- _SOURCE MATERIAL_:
###
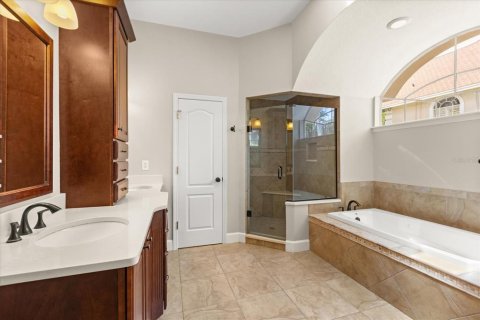 House in Orlando, Florida 5 bedrooms, 322.56 sq.m. № 1803400 - photo 23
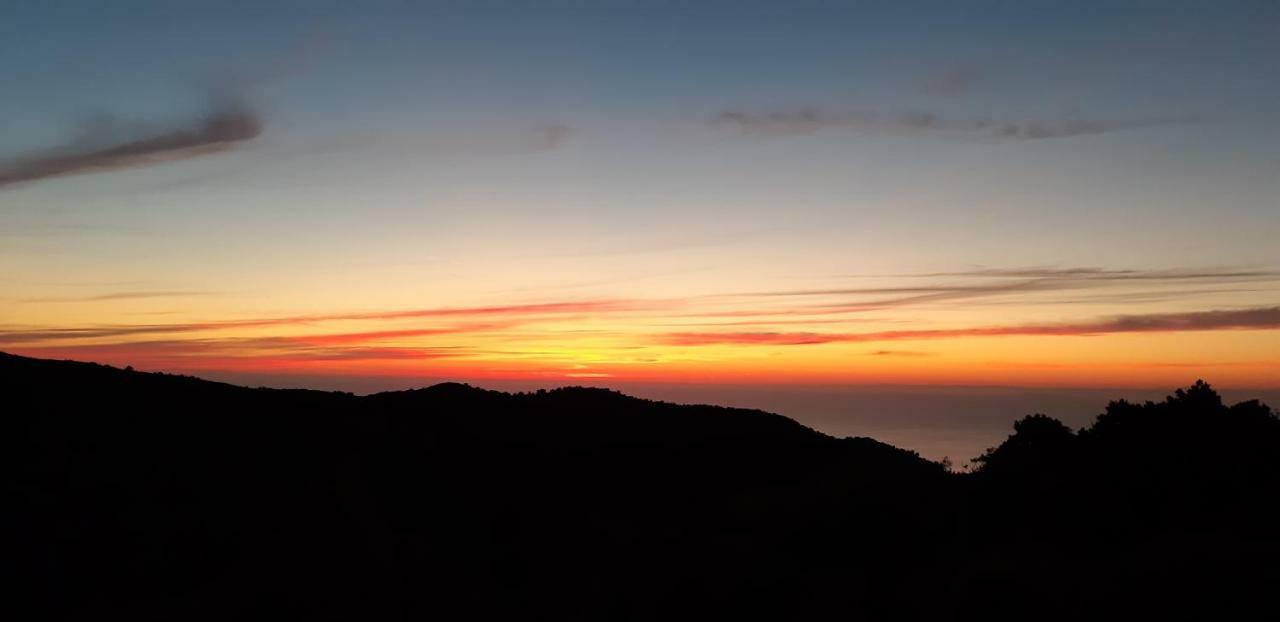 T'Aloni Otel Chortáta Dış mekan fotoğraf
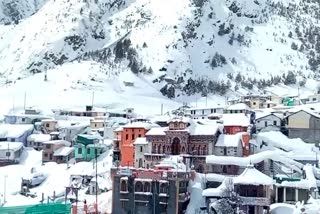 Badrinath Dham Snowfall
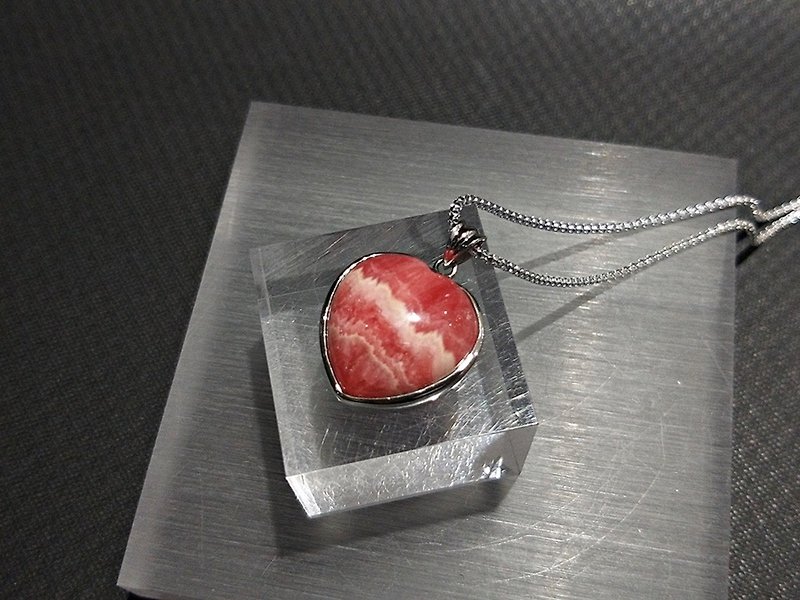 Red stone sterling silver pendant - Necklaces - Gemstone Red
###
- _TASK TO CARRY OUT_: Leave out the pictures; repeat the data exactly.

- _RESULT BELOW_:
 House in Orlando, Florida 5 bedrooms, 322.56 sq.m. № 1803400 - photo 23
 T'Aloni Otel Chortáta Dış mekan fotoğraf
 Badrinath Dham Snowfall
 Red stone sterling silver pendant - Necklaces - Gemstone Red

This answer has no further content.